[Recorded data — start]

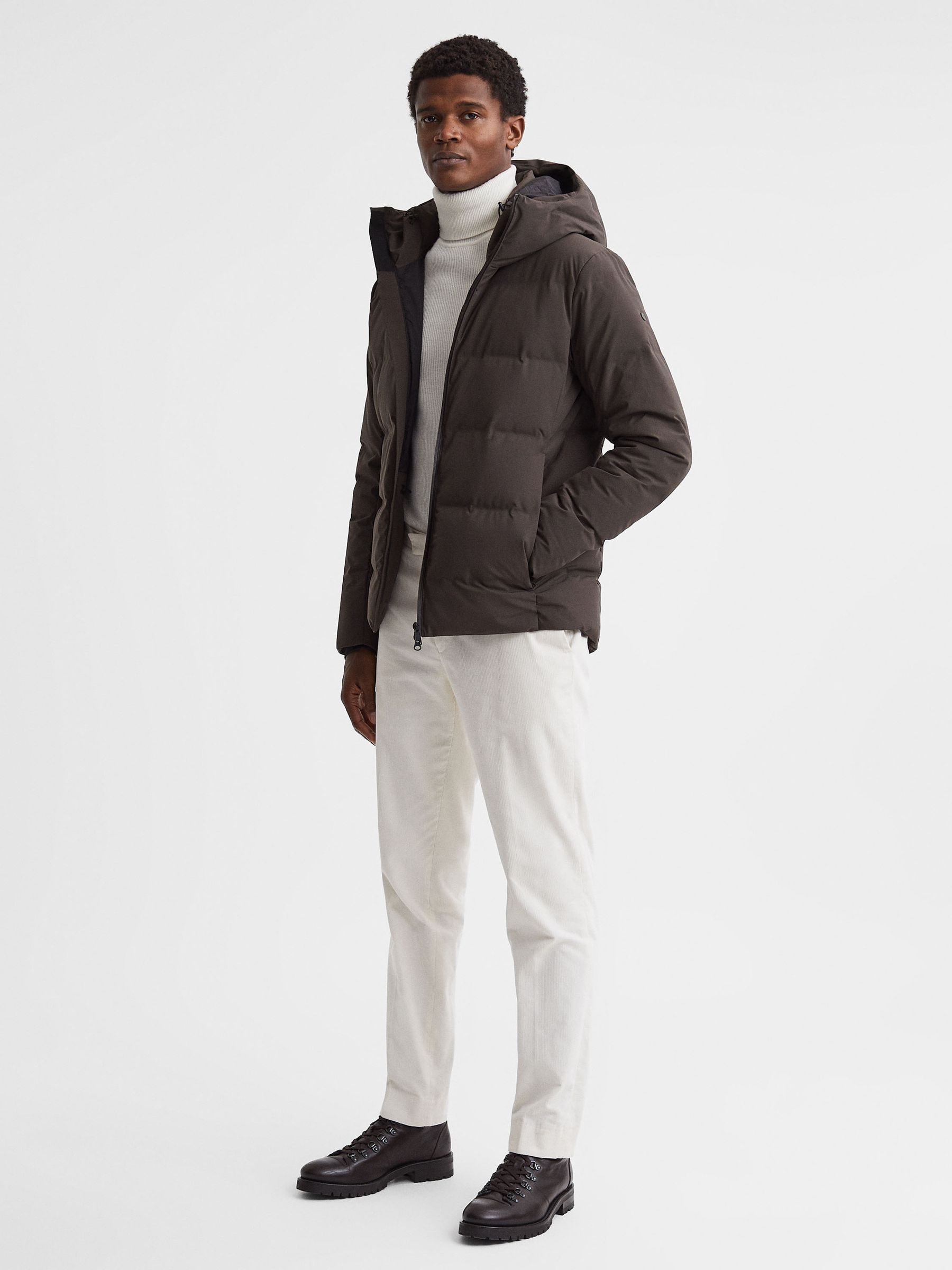 Scandinavian Edition Hooded Puffer Jacket in Dark Brown - Image 1 of 6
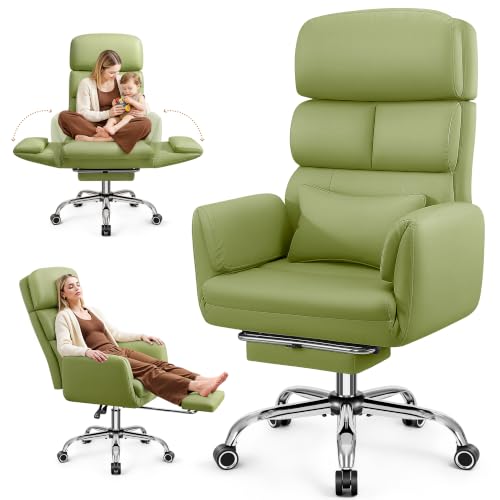 Image of Big and Tall Office Chair 500LBS, Ergonomic High Back Leather Executive Chair, Reclining Swivel with Adjustable Armrests Lumbar Support Footrest,Cross Legged, Green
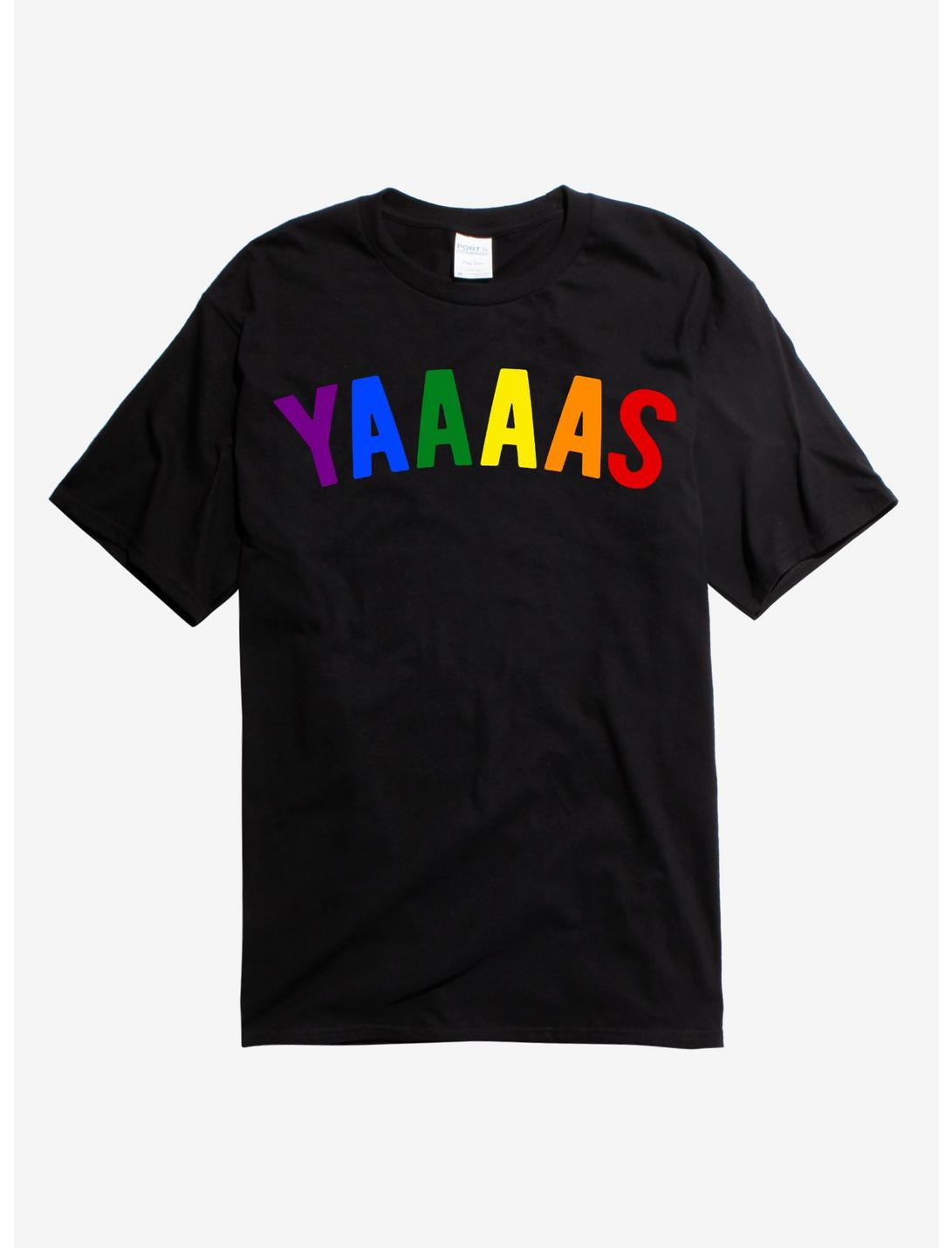 Yaaaas Pride T-Shirt, BLACK, hi-res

[Recorded data — finish]

--- Task directions ---
Every line of the data should be transcribed exactly. Omit the images.

--- Output of the task ---
 Scandinavian Edition Hooded Puffer Jacket in Dark Brown - Image 1 of 6
 Image of Big and Tall Office Chair 500LBS, Ergonomic High Back Leather Executive Chair, Reclining Swivel with Adjustable Armrests Lumbar Support Footrest,Cross Legged, Green
 Yaaaas Pride T-Shirt, BLACK, hi-res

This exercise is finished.